Алексей Герман: чернуху придумало начальство

       В понедельник исполнится 60 лет Алексею Герману, самому выдающемуся из современных российских режиссеров. История создания его фильма "Хрусталев, машину!" стала уже легендой, а каннская премьера картины породила множество апокрифов и трактовок. Российский зритель еще скажет свое слово, но можно не сомневаться: этот фильм, как и все работы Германа, войдет в историю кино. АЛЕКСЕЙ ГЕРМАН накануне юбилея дал эксклюзивное интервью корреспонденту "Коммерсанта" АНДРЕЮ Ъ-ПЛАХОВУ.
       
       — То, что говорят о вашем фильме сейчас, удивительно перекликается с тем, что было принято говорить после того же "Лапшина" или "Проверки на дорогах".
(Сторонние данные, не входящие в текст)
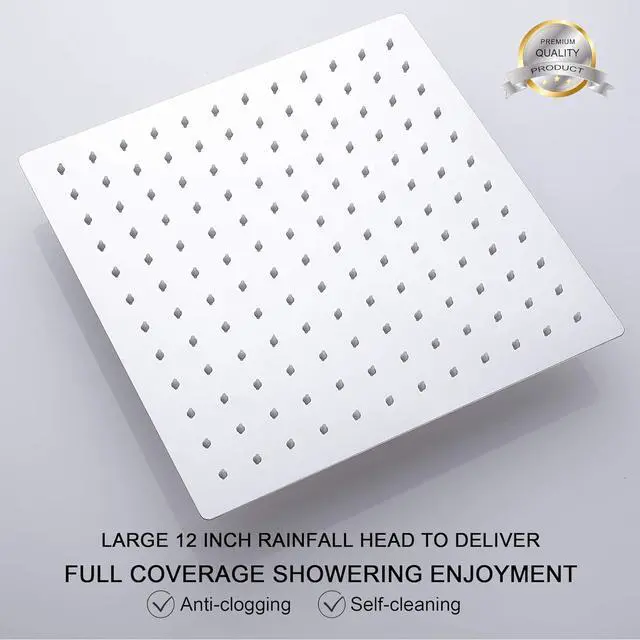 Alt view image 4 of 7 - Square Rain Shower Head, High Pressure Rainfall Showerhead, Large Fixed Stainless Steel Polished Chrome Shower Rain, 12 Inch Rainhead and 15 Inch Extension Arm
       — Ну конечно, абстрактный гуманизм. Дальше власовцы, апология предательства. Что в пику фильму "Освобождение" мы извратили войну. Было такое выражение "взбесившиеся фактуры" — до сих пор не знаю, что это такое. Нельзя было снимать подробности, грязную одежду, а мы с моей художницей обрабатывали одежду паяльниками, ездили по деревням, новые ватники меняли на старые. И еще "броуновское движение". Вообще, это были слова бывшего замминистра кино Павленка. Самое смешное: на протяжении всех этих десятилетий формулы остаются одни и те же. Вот как с "Хрусталевым": ведь можно заплакать, когда слышишь в передаче "Команда-2" про то же самое "броуновское движение". Это говорили еще по поводу "Двадцати дней без войны".
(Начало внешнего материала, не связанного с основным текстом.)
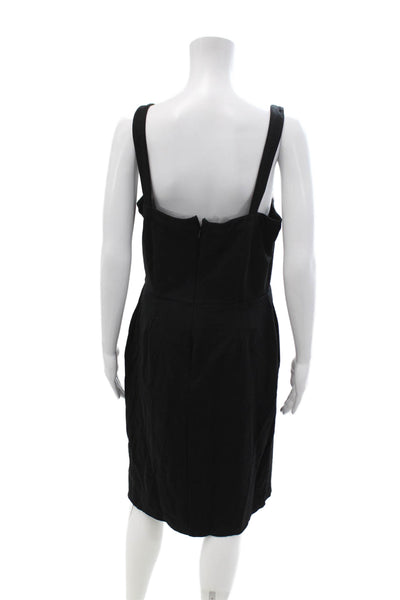 Cupcakes And Cashmere Women Overall Dress Black Square Neck Knee Length Size L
       А между чиновниками и нечиновниками устанавливается сейчас все большая связь... Я с большим уважением отношусь к Никите Михалкову, пусть руководит союзом, если что-то получится, дай ему Бог здоровья. У меня нет ни ревности, ни чего-то там, что я его должен обязательно укусить, он меня должен обязательно укусить. Рисуют карикатуры, где мы боремся, а я с ним и незнаком практически, я с ним, что называется, здрастье-здрасьте. Но то, что он сейчас говорит, я все это давно слышал.
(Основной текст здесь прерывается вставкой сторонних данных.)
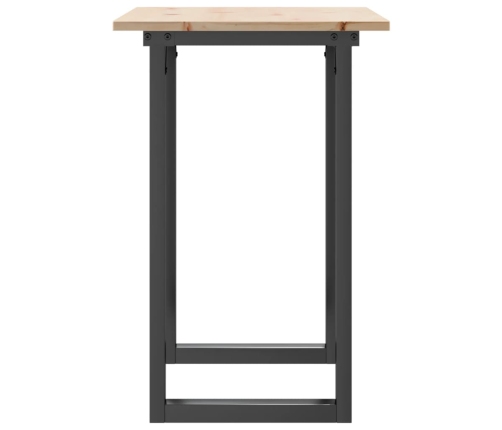 Mesa de comedor marco O madera maciza pino y acero 80x50x75 cm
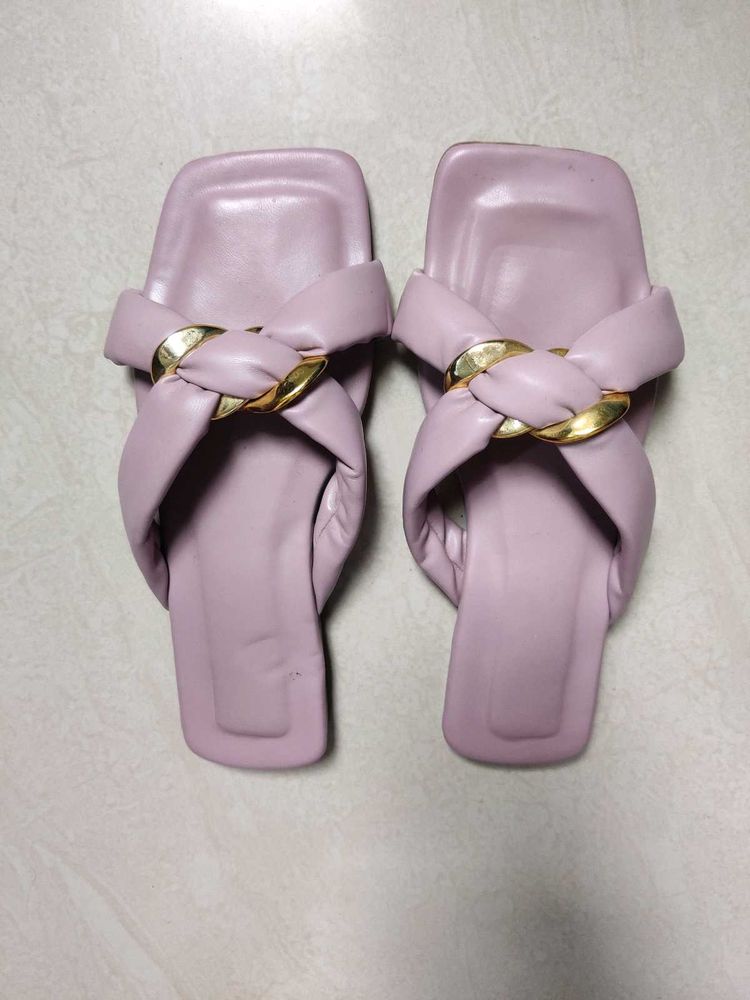 Lilac Slides with Gold Detail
       — А что Михалков такое говорит?
       — Да, это его теория, и редактора журнала "Искусство кино" Даниила Дондурея. Показать Россию, какой она должна быть, чтобы это был пример для подражания. Я это слышал еще от Жданова, я это в школе проходил. Михалков прав, наверное, в одном. Не надо говорить по телевизору "эта страна", надо говорить "наша страна". Художник когда говорит, как здесь тяжело и скверно, он должен над этим заплакать.
       Мы действительно сделали разбойничий кинематограф, огромную часть которого я абсолютно презираю, и кинематографистов огромную часть презираю и не считаю их кинематографистами. Но "чернуха" здесь ни при чем. Чернухи никакой не было, чернуху придумало начальство. У нас были официанты-режиссеры, которые "чего изволите?". Вот они делали белуху, так сказать. Потом начались реформы, надо было рассказать, как в нашей стране плохо. И чернуху стали создавать те же официанты. Потому что талантливые люди никакую чернуху не делали, талантливые люди все равно делали талантливое кино. А так в чернуху может попасть и Достоевский. Там, где искусство кончается, уже можно делить: чернуха или нечернуха, искусству совершенно все равно.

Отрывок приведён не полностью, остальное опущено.